Escalation is the act of a Worker handing an Intent — with full context — to a Human Role or to a Worker holding higher authority. Escalation is not a primitive; it is the composition of Intent dispatch with a target that is structurally higher in the Charter.

The runtime MUST permit Escalation only along Escalation Routes declared in the Worker’s Role (§3.2.6). Escalations attempted to Roles not in the declared Routes MUST be refused.
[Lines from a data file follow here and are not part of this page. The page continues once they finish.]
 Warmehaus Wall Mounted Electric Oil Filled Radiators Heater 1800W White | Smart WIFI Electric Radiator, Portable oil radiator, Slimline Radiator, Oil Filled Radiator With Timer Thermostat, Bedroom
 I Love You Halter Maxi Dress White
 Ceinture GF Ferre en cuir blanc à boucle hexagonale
When an Escalation is permitted, the runtime MUST:

  • Pass to the receiving Role the full provenance chain of the Intent and a snapshot of the Worker’s history relevant to the Intent (such that the receiver can review the Worker’s reasoning).
  • Move the original Intent to the Escalated state.
  • Open a new Intent assigned to the receiving Role, with provenance pointing back to the original Intent.
  • Emit an EscalationRaised event.

The receiving Role pursues the new Intent. When that Intent is resolved, the runtime MUST propagate the resolution back to the original Intent: the original Intent is resolved with an Outcome reflecting the receiving Role’s decision, and an EscalationResolved event is emitted.
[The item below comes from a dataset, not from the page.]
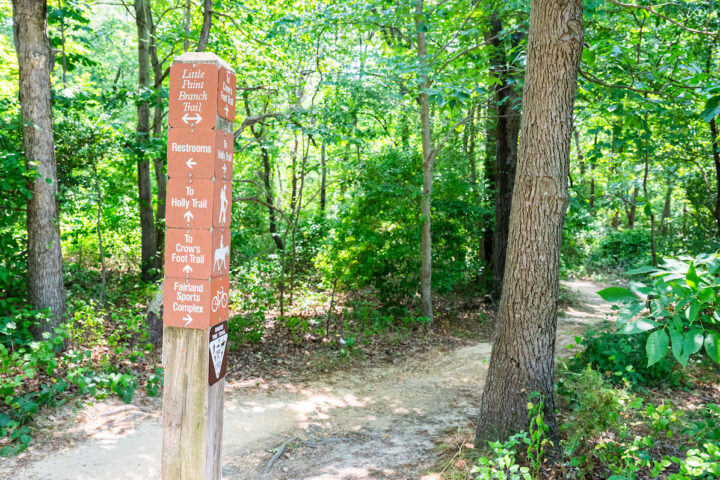 A wooden signpost stands next to a natural-surface trail in a wooded area. Directional signage on the post with arrows indicate Little Paint Branch Trail, Restrooms, To Holly Trail, To Crow's Foot Trail, and Fairland Sports Complex.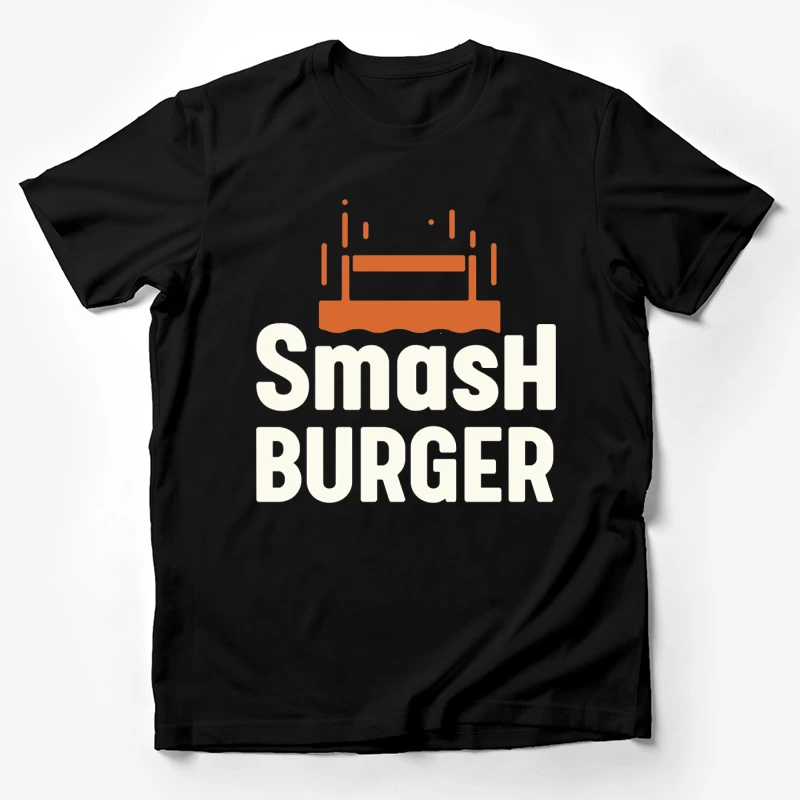 Smash Burger Minimalist Restaurant Logo Design Male T-Shirt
A Compliance Profile MAY require Escalation under specified conditions (e.g. all decisions above a threshold value MUST be escalated to a Human Role). When required by a Profile, the runtime MUST refuse Resolutions that would violate the Profile and surface a runtime error to the Worker, prompting the Driver to escalate instead.

6.6 Resolution

An Intent reaches resolution when the responsible Worker (or escalation recipient) records an Outcome. The Outcome is one of:

  • achieved — the Intent’s purpose was fulfilled.
  • refused — the Intent was rejected, with a reason. Refusal sub-states include duplicate, out-of-scope, policy-violation, and infeasible. Implementations MAY define additional sub-states; sub-states MUST be machine-distinguishable.
  • escalated — the responsible Worker escalated; the Intent is in the Escalated state pending resolution by the escalation recipient.
  • abandoned — the Intent was not pursued to completion (e.g. timeout, deadline elapsed, Worker decommissioned). Abandonment is recorded as a reason on the Outcome.
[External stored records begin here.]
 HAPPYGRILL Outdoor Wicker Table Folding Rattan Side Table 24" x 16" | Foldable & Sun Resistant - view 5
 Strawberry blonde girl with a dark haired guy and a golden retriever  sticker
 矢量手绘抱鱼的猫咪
The Outcome record MUST contain:

  • The terminal state.
  • A timestamp.
  • A signed statement by the resolving Worker (or Human Role).
  • An optional human-readable summary.
  • A reference to the produced artefact, if any (e.g. an outreach proposal, a credit memorandum, a customer-facing letter).

Upon Resolution of a top-level Intent, the runtime MUST close the Audit Envelope (§3.6.4).

6.7 Authority Enforcement

The runtime is the trusted enforcement boundary for the Charter.

The Charter of a Workforce, at any moment, is the union of:

  • All Role declarations across deployed Functions.
  • All Authority Grants within those Roles.
  • All Escalation Routes within those Roles.
  • All attached Compliance Profiles, each contributing additional constraints.

For every outbox action a Worker submits — Intent generation, Capability invocation, Dispatch, Escalation, Resolution — the runtime MUST evaluate the action against the Charter and permit it only if the Charter authorises it. Authorisation MUST be evaluated with the following ordering, with later layers superseding earlier ones:

  1. Role Authority Grant.
  2. Bounds inherited from the Intent under which the action is taken.
  3. Constraints from any attached Compliance Profile.

Where layers conflict, the most restrictive applies. Authority not explicitly granted is implicitly denied.

When an action is refused, the runtime MUST emit an authority-violation event and MUST inform the Worker’s Driver. The runtime MUST NOT silently drop the attempted action; refusal is an observable event.